Ministers voted early Thursday to dramatically tighten the country’s coronavirus lockdown “amid fears that the infection rate is spiraling out of control’.
The new restrictions come a week after the current lockdown began and as new daily confirmed “infections” neared 7,000 on Wednesday for the second straight day.
Beginning Friday at 2 p.m., nearly all businesses will be closed, with the exception of specific companies and factories specifically designated as “essential” by the Defense Ministry’s National Emergency Authority.
The decision, drafted Wednesday by the coronavirus cabinet and approved by the full cabinet on Thursday morning, exempted supermarkets and pharmacies from the closure, and allowed restaurants to work on a home delivery basis only.
Yom Kippur prayers that begin Sunday evening will take place almost entirely outdoors, with groups of up to 10 worshipers permitted to pray inside synagogues, the decision said. The shutdown will also cover the entirety of the Sukkot holiday.
The holiday season is part of the reason the government was imposing the lockdown now, Prime Minister Benjamin Netanyahu said Wednesday. Since most Israelis in any case don’t work during the holidays, the economic damage of the shutdown would be reduced as fewer workdays will be lost.
“We’re headed to a shutdown in any case because of the morbidity rate,” Netanyahu said in a video released Wednesday evening. “So it’s better to do it now, during the holidays, at a low economic cost, and not after the holidays when the economic cost will be higher.”
Nearly all public transportation will be closed, as will the last educational institutions still open — mainly special education programs and private preschools.

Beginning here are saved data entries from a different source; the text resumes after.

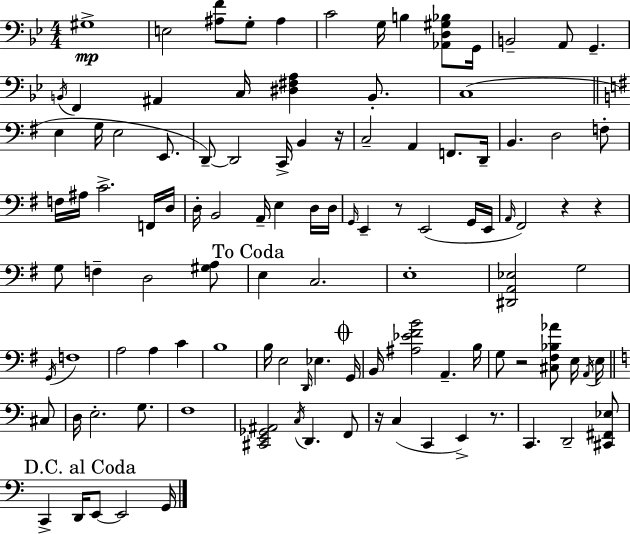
X:1
T:Untitled
M:4/4
L:1/4
K:Gm
^G,4 E,2 [^A,F]/2 G,/2 ^A, C2 G,/4 B, [_A,,D,^G,_B,]/2 G,,/4 B,,2 A,,/2 G,, B,,/4 F,, ^A,, C,/4 [^D,^F,A,] B,,/2 C,4 E, G,/4 E,2 E,,/2 D,,/2 D,,2 C,,/4 B,, z/4 C,2 A,, F,,/2 D,,/4 B,, D,2 F,/2 F,/4 ^A,/4 C2 F,,/4 D,/4 D,/4 B,,2 A,,/4 E, D,/4 D,/4 G,,/4 E,, z/2 E,,2 G,,/4 E,,/4 A,,/4 ^F,,2 z z G,/2 F, D,2 [^G,A,]/2 E, C,2 E,4 [^D,,A,,_E,]2 G,2 G,,/4 F,4 A,2 A, C B,4 B,/4 E,2 D,,/4 _E, G,,/4 B,,/4 [^A,_E^FB]2 A,, B,/4 G,/2 z2 [^C,^F,_B,_A]/2 E,/4 A,,/4 E,/4 ^C,/2 D,/4 E,2 G,/2 F,4 [^C,,E,,_G,,^A,,]2 C,/4 D,, F,,/2 z/4 C, C,, E,, z/2 C,, D,,2 [^C,,^F,,_E,]/2 C,, D,,/4 E,,/2 E,,2 G,,/4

Israelis won’t be allowed to travel more than a kilometer (0.6 miles) from their homes. Police will be deployed on highways and at the entrances to cities and towns to ensure Israelis don’t attempt to travel during the lockdown.
The cabinet decision said officials from the Finance Ministry, Prime Minister’s Office and National Security Council will meet to set ground rules for which government agencies will close and which ones will remain operational, and at what capacities.
The cabinet is also reportedly considering closing Ben Gurion Airport to outgoing flights, but the decision was not included in Wednesday’s cabinet vote.
The new rules come after a day of acrimonious debates in the cabinet over whether to allow anti-government protests during the lockdown, with the Blue and White party insisting a government could not order protests against it to disband. Ministers also argued over how much to restrict prayer gatherings, with Haredi parties Shas and United Torah Judaism pushing to leave synagogues open, even if new limits on numbers of worshipers are imposed.
Under a final compromise reached late Wednesday, synagogues will close beginning Friday, open in a limited capacity for the 25 hours of the Yom Kippur holiday, then close again on Monday night.
A similar compromise was reached on protests, in which protesters may gather within a kilometer (0.6 miles) from their homes. For both prayers and demonstrations, outdoor gatherings may include no more than 20 people at a time, who must stay two meters apart.
A special compromise was reached allowing for continued protests outside the Prime Minister’s Residence on Balfour Street in Jerusalem, where demonstrators have gathered regularly for months to call for Netanyahu’s resignation.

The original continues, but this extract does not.